From: Rafael J. Wysocki <rafael.j.wysocki@intel.com>

In order to address the issue with short idle duration predictions
by the idle governor after the tick has been stopped, reorder the
code in cpuidle_idle_call() so that the governor idle state selection
runs before tick_nohz_idle_go_idle() and use the "nohz" hint returned
by cpuidle_select() to decide whether or not to stop the tick.

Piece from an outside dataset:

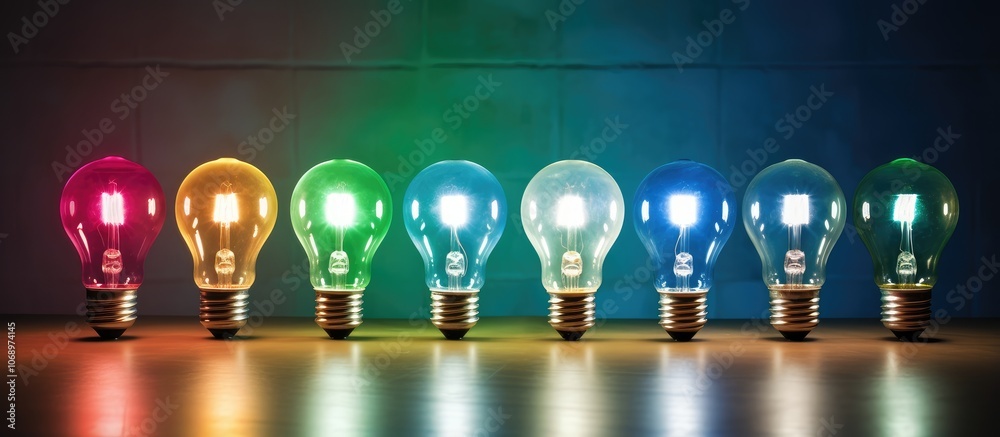 Rainbow Spectrum of Light Bulbs on Dark Background Rainbow Spectrum of Light Bulbs on Dark Background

This isn't straightforward, because menu_select() invokes
tick_nohz_get_sleep_length() to get the time to the next timer
event and the number returned by the latter comes from
__tick_nohz_idle_enter().  Fortunately, however, it is possible
to compute that number without actually stopping the tick and with
the help of the existing code.

Namely, notice that tick_nohz_stop_sched_tick() already computes the
next timer event time to reprogram the scheduler tick hrtimer and
that time can be used as a proxy for the actual next timer event
time in the idle duration predicition.  Moreover, it is possible
to split tick_nohz_stop_sched_tick() into two separate routines,
one computing the time to the next timer event and the other
simply stopping the tick when the time to the next timer event
is known.

Accordingly, split tick_nohz_stop_sched_tick() into
tick_nohz_next_event() and tick_nohz_stop_tick() and use the
former in tick_nohz_get_sleep_length().  Add two new extra fields,
timer_expires and timer_expires_base, to struct tick_sched for
passing data between these two new functions and to indicate that
tick_nohz_next_event() has run and tick_nohz_stop_tick() can be
called now.  Also drop the now redundant sleep_length field from
there.

Signed-off-by: Rafael J. Wysocki <rafael.j.wysocki@intel.com>
---

v5 -> v7:
  * Rebase on top of the new [5/8].

---
 include/linux/tick.h     |    2 
 kernel/sched/idle.c      |   11 ++-
 kernel/time/tick-sched.c |  156 +++++++++++++++++++++++++++++++----------------
 kernel/time/tick-sched.h |    6 +
 4 files changed, 120 insertions(+), 55 deletions(-)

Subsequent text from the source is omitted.